Hal ini menurutnya perlu mendapat perhatian dan diantisipasi. Sebab, dilihat dari posisi IKN di alur laut kepulauan Indonesia (ALKI) II dan choke point atau titik sempit dunia; maka IKN akan mudah diserang dari arah utara. 

Lokasi IKN juga mendekati Flight Information Region (FIR) milik negara tetangga, seperti Malaysia dan Filipina. Selain itu, lokasi IKN baru di Kalimantan Timur juga dikelilingi oleh aliansi-aliansi pertahanan, seperti FPDA The Five Power Defence Arrangements Malaysia, Aliansi AUKUS (Australia, UK, USA), dan terdampak dari One Belt One Road atau OBOR BRI China. 

"Ini semua berpotensi menjadi pintu baru ancaman pertahanan dan gangguan keamanan IKN," tuturnya. 

Dia juga mengingatkan catatan Fraksi Demokrat terkait pelibatan banyak pihak asing dalam blue print pembangunan IKN juga perlu diantisipasi. Karena berpotensi menimbulkan dampak negatif terhadap keamanan dan pertahanan IKN ke depan.

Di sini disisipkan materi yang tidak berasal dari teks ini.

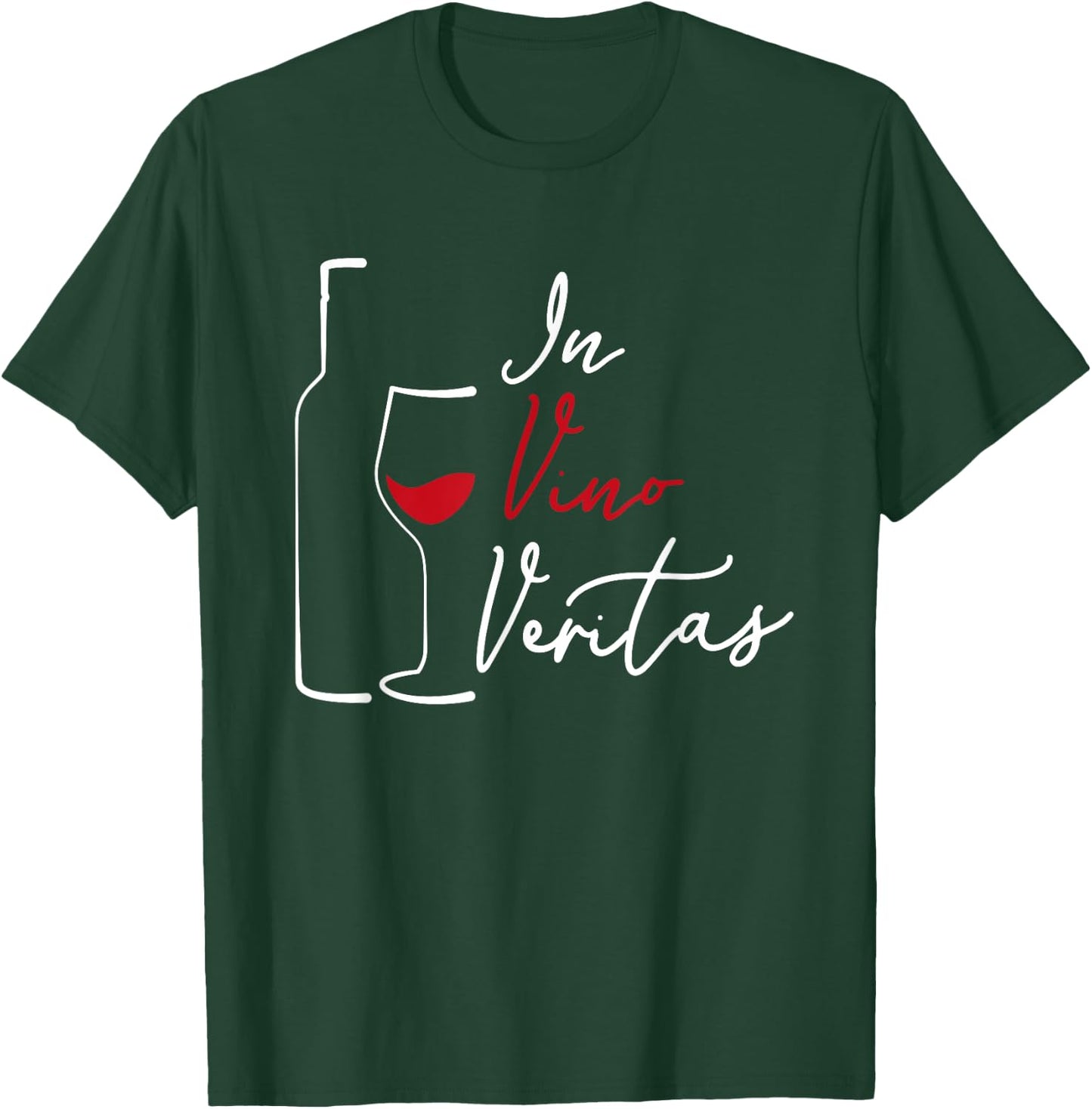 In Vino Veritas - Latin Wine saying T-Shirt - T-Shirt | Forest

Kemudian, tak kalah penting, masalah pendanaan. Muslim meminta pemerintah mempertimbangkan dengan sungguh-sungguh kondisi fiskal dan kemampuan APBN

Sebagai proyek prioritas strategis nasional, pemindahan IKN membutuhkan sumber daya pembiayaan anggaran yang besar. 

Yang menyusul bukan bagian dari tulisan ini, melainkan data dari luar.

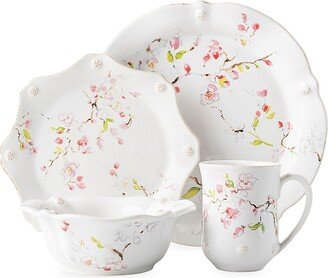 Berry & Thread Floral Sketch 4-Piece Cherry Blossom Place Setting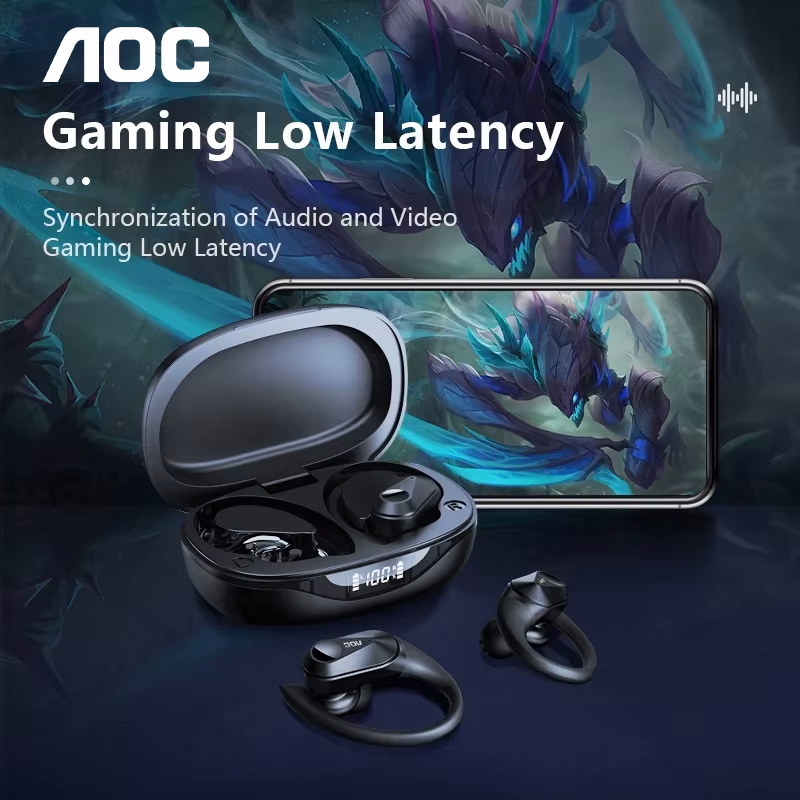 Choice AOC Sports Headset Wire - đánh giá và giá Wireless Earbuds Case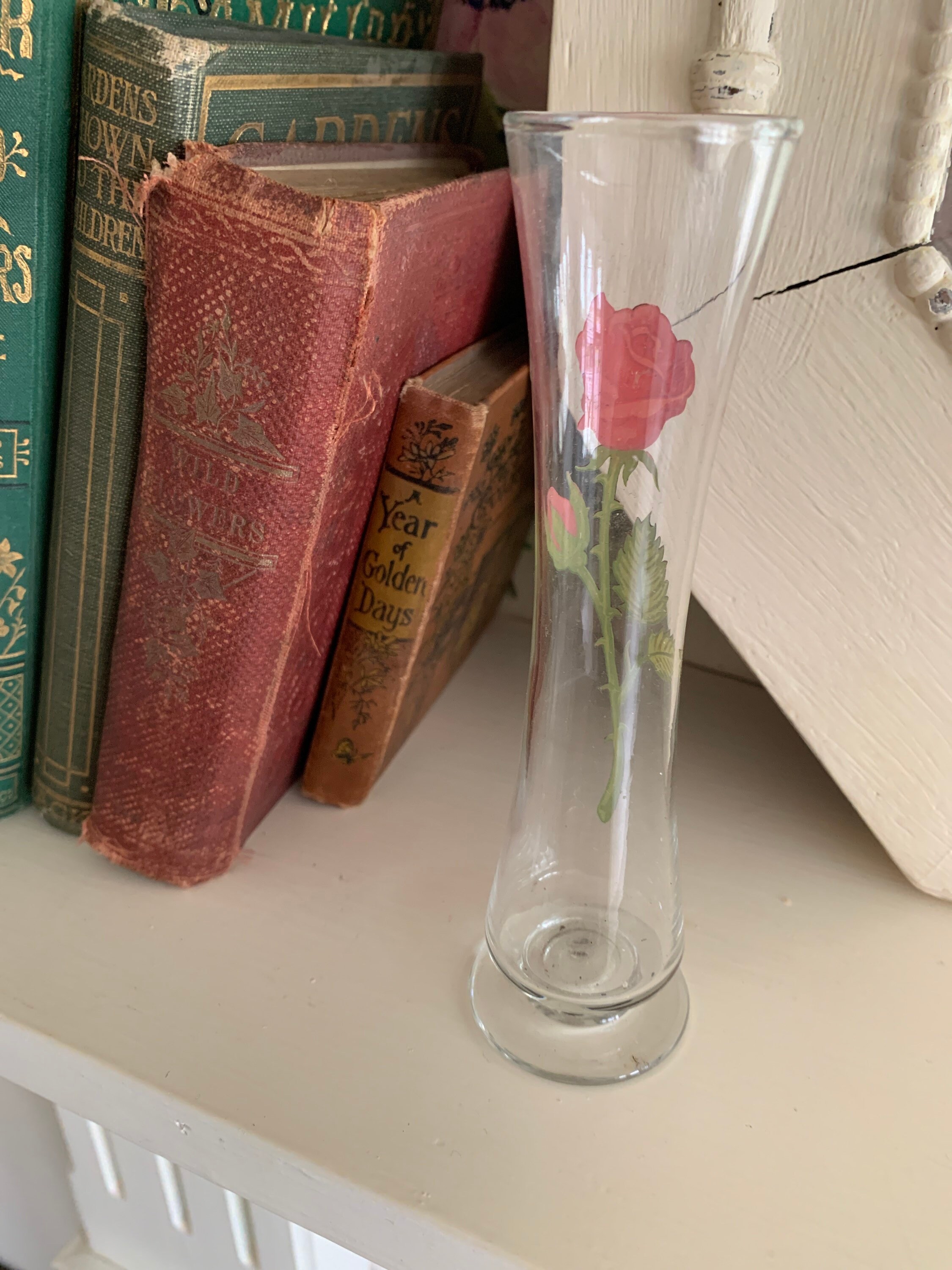 Vintage single stem vase Etsy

Dalam perencanaannya, anggaran pemindahan dan pembangunan IKN senilai Rp466,98 triliun yang sebagian besar akan menggunakan pembiayaan APBN dan sisanya dibiayai melalui skema KPBU dan swasta. 

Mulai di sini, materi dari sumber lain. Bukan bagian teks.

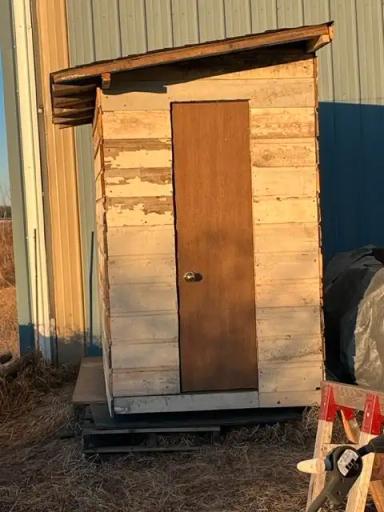 Photo of Hand Built Wood Shed with shelves inside. I deliver! - 1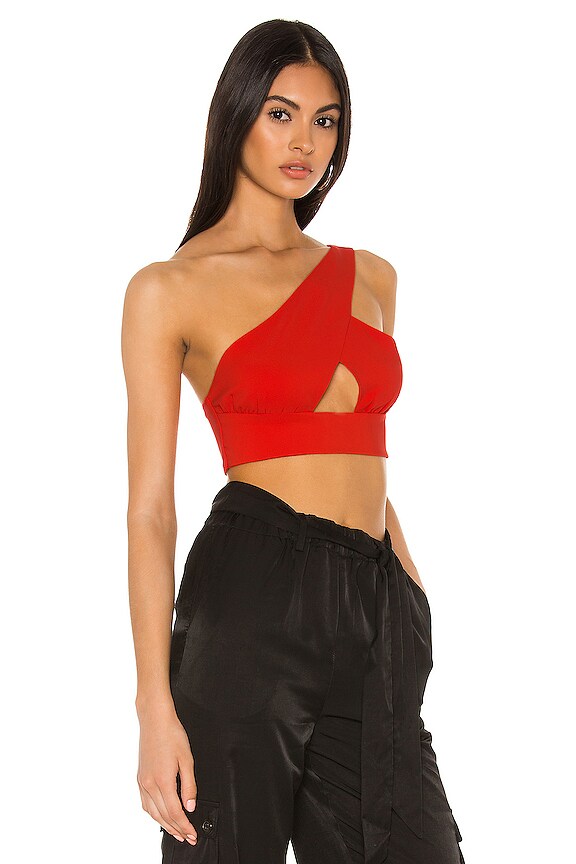 view 2 of 4 Thea Top in Fiery Red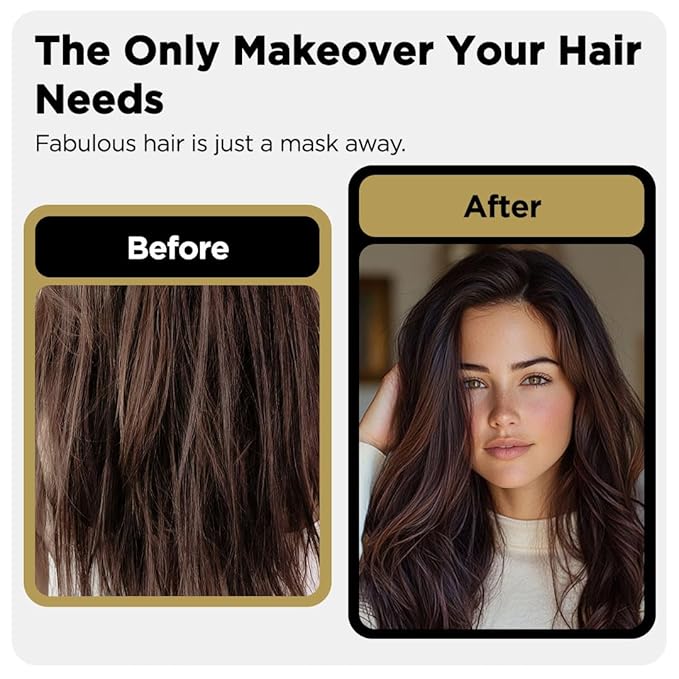 Herstyler Argan Oil Hair Mask - Hair Mask For Dry Damaged Hair and Growth - Deep Conditioning Argan Oil Har Mask - Curly Hair Mask for Limp Dull Hair - Anti-Frizz Hair Mask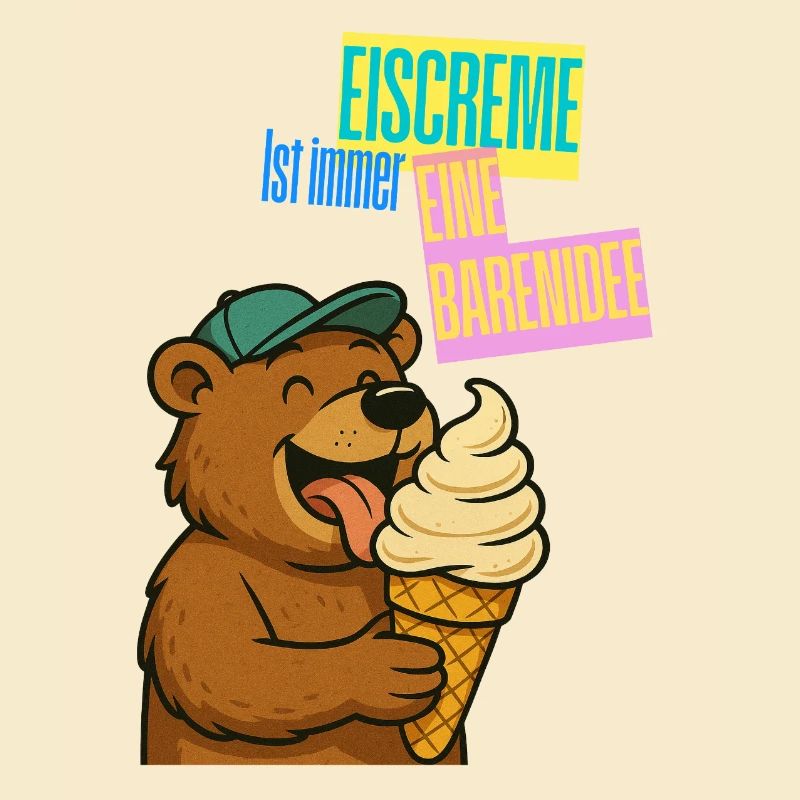 Bär Eiscreme Comic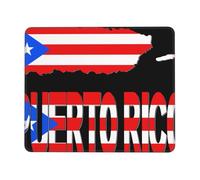 Puerto Rico Flag Art Mousepad Piccolo Tappetino per Mouse Comodo Mouse Pad per Ufficio Laptop Gaming 25X30Cm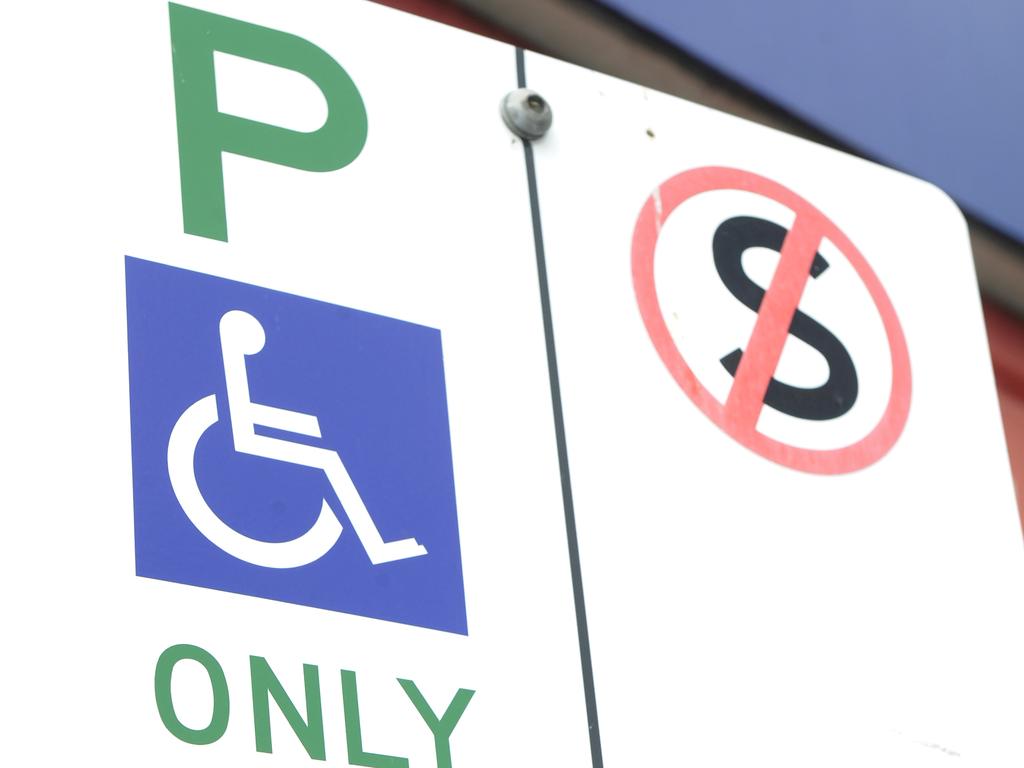 Brisbane drivers can be hit with a $533 fine if they park in a disabled bay. Picture: Supplied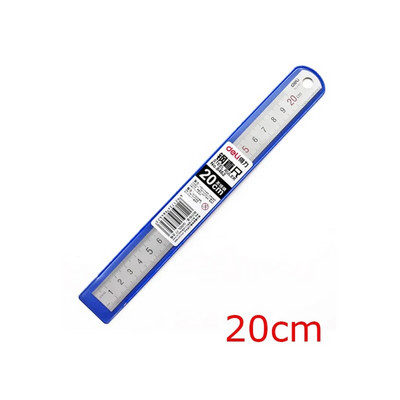 Deli tērauda metāla lineāls sudrabs 15/20/30 cm nerūsējošā tērauda taisni lineāli funkcionāls kartēšanas rīks skolas biroja zīmēšanas piederumi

"Dilihat dari besarannya, beban APBN dalam proyek ini sangat tidak rasional. Apalagi jika dilihat dalam kurun waktu kurang lebih dua tahun ke depan, terlebih dalam kondisi perekonomian nasional yang kurang mendukung dan masih terdampak pandemi COVID-19. Nilai tersebut tentu memberikan tambahan tekanan pembiayaan APBN kedepannya," kata Muslim. 

Kemudian, dia menekankan bahwa Fraksi Demokrat meminta pemerintah menentukan skala prioritas terkait pengelolaan keuangan negara. Sebab, hal ini merujuk data per akhir Desember 2021, utang pemerintah sudah menembus Rp6.908,87 triliun. Lalu, penerimaan negara dari sektor pajak yang diukur dari tax ratio-nya justru semakin menurun.

“Jangan lupa pula masalah psikologi-sosialnya. Pemerintah perlu mengkaji dan mencermati, sejauh mana manfaat langsung yang dapat dirasakan masyarakat sebagai bagian dari opportunity IKN baru. Jangan sampai pembangunan IKN baru tidak berdampak pada peningkatan kesejahteraan masyarakat,” kata Muslim. 

Lebih lanjut, catatan terakhir yaitu agar proses pembangunan IKN baru mengedepankan prinsip akuntabilitas dan transparansi sesuai dengan prosedur sehingga dapat dipertanggungjawabkan. Hal ini dimaksudkan agar pembangunan IKN baru dapat berjalan dan kemudian digunakan sesuai fungsinya.

“Jangan sampai pembangunan yang dipaksakan kemudian malah membuat pembangunan IKN terbengkalai. Tidak sesuai dengan rencana, dan gagal, karena akan ada konsekuensi cost ekonomi dan sosial yang sangat mahal,” ujar Muslim.